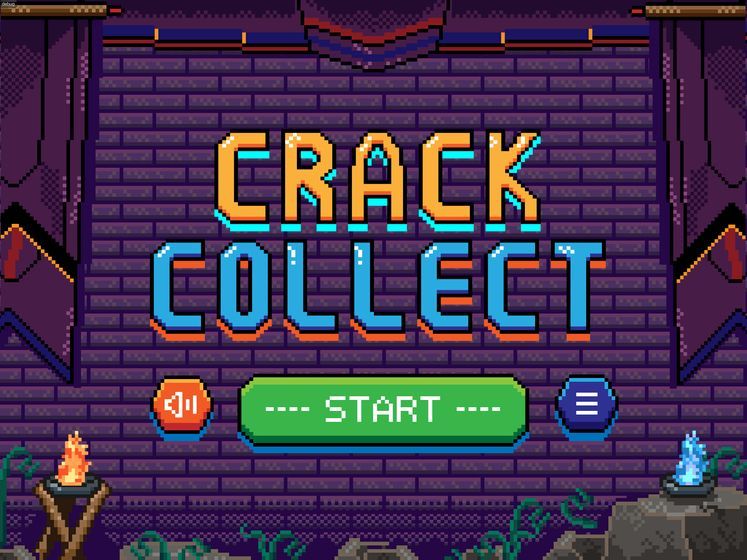 CrackCollect图4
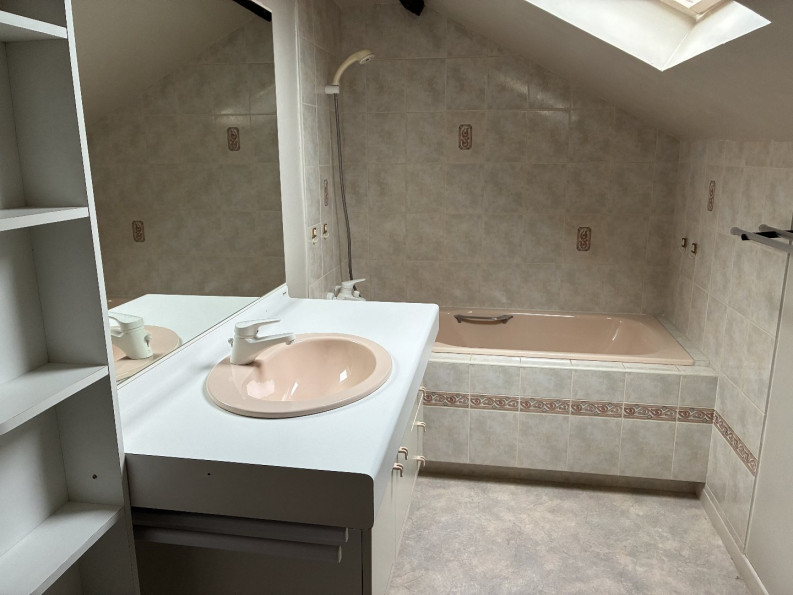 vente Maison Figeac - Photo 14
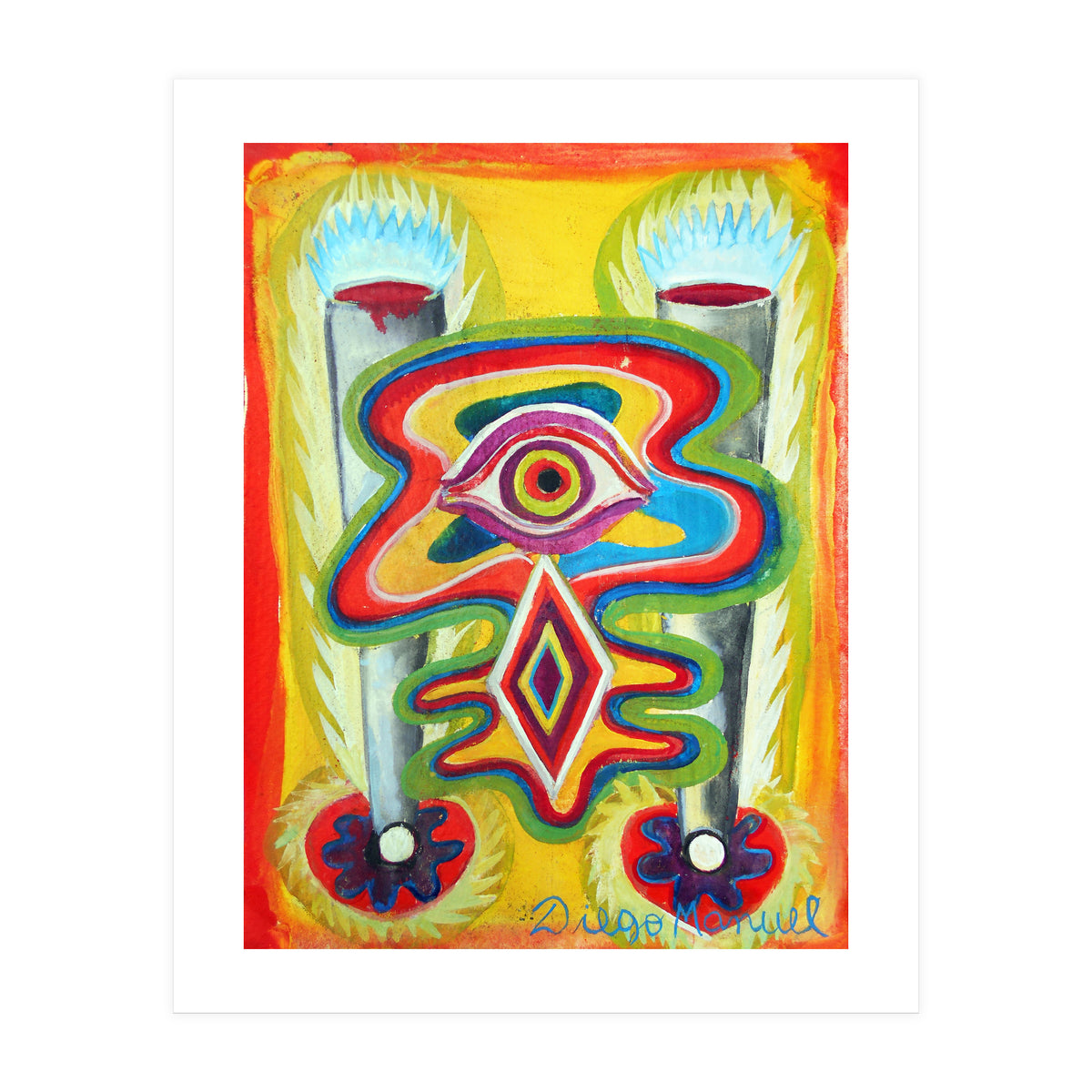 Astrapop 2022 1 (Print Only)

◆ Problem statement
What is needed is an exact copy of all the data, with no images in it.

◆ Exercise answer
 CrackCollect图4
 vente Maison Figeac - Photo 14
 Astrapop 2022 1 (Print Only)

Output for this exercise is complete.